[EXERCISE BRIEF] Pictures in the records below must be left out. Return exactly the lines from the line with "Etiket Avery Zweckform" to the line with "Ice cream scoop, seamless", both included.

[DATA SUPPLIED]

--------------------------------

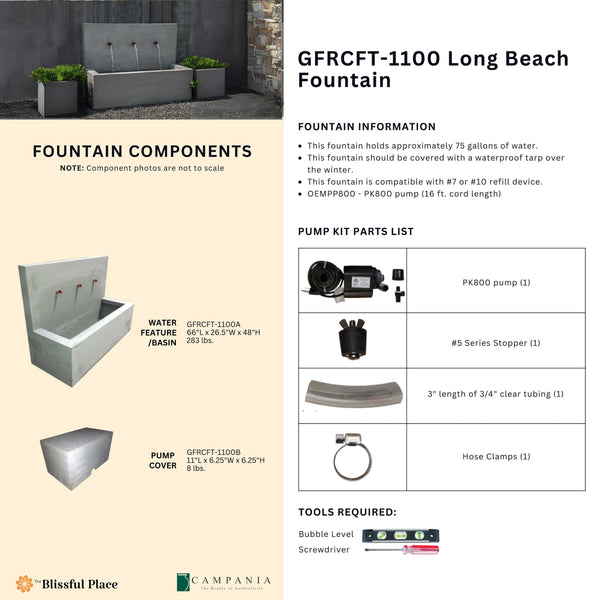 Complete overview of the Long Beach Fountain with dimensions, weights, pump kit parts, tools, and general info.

--------------------------------

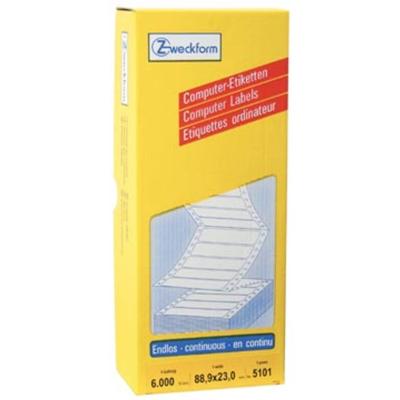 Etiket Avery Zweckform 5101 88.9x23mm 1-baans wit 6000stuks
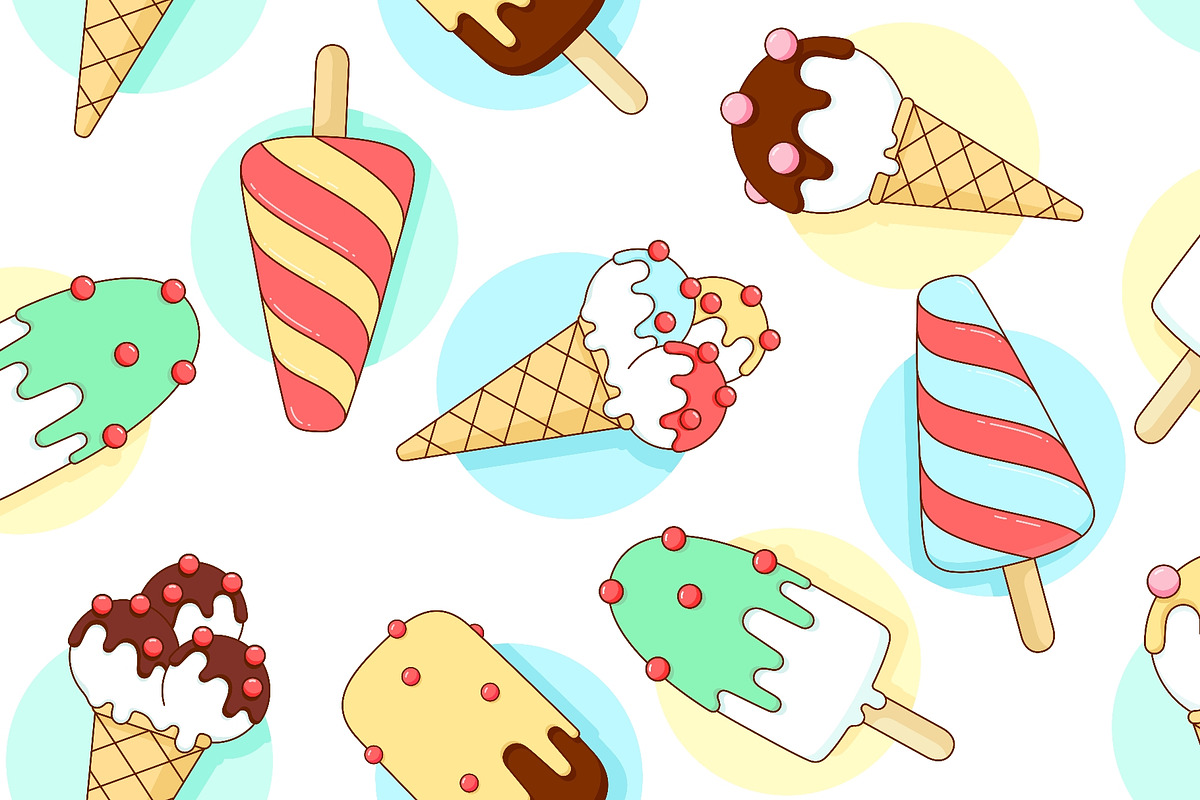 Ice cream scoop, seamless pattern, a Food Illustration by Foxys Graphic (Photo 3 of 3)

--------------------------------

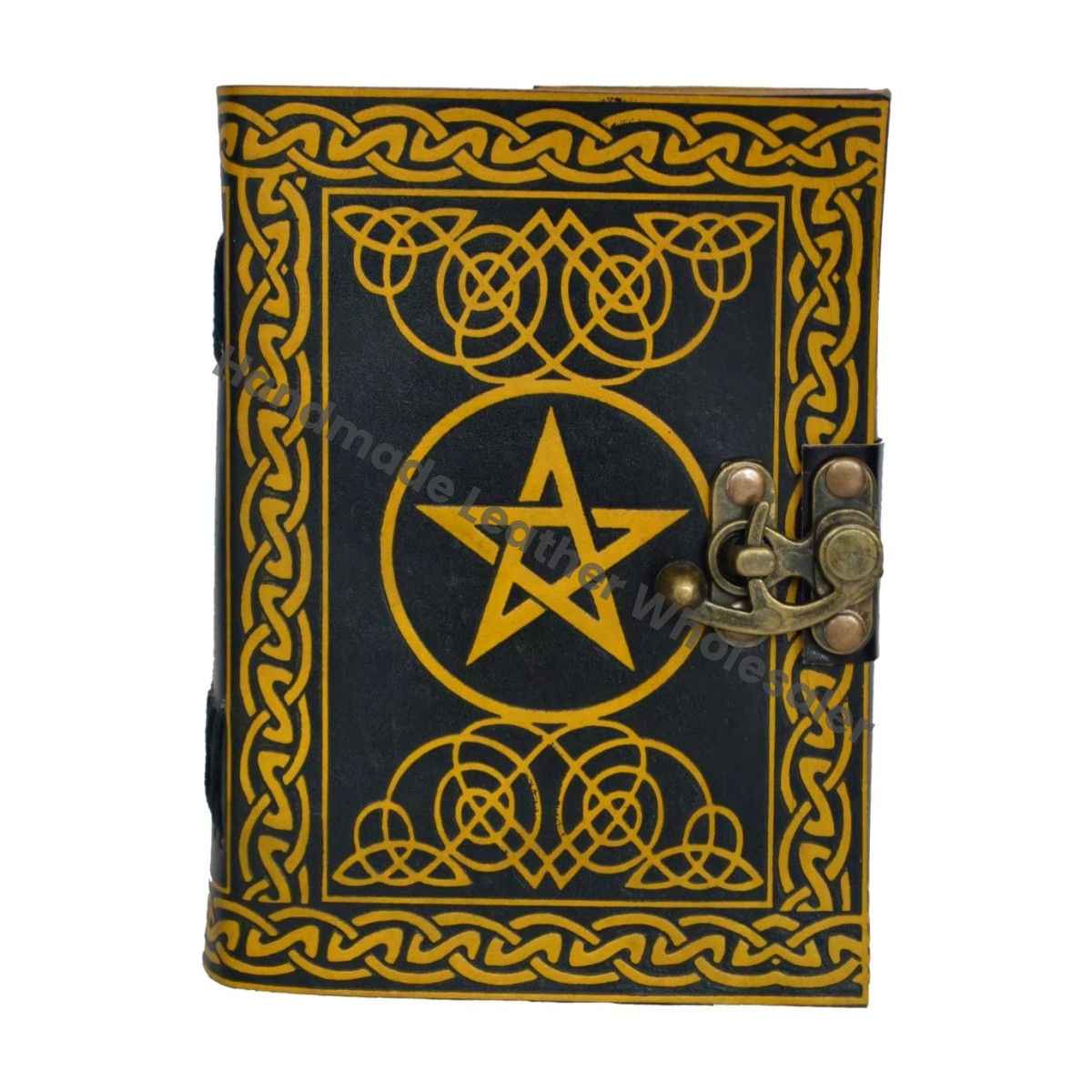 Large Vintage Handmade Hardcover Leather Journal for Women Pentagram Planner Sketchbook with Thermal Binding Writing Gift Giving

--------------------------------

[ANSWER TO THIS EXERCISE]
 Etiket Avery Zweckform 5101 88.9x23mm 1-baans wit 6000stuks
 Ice cream scoop, seamless pattern, a Food Illustration by Foxys Graphic (Photo 3 of 3)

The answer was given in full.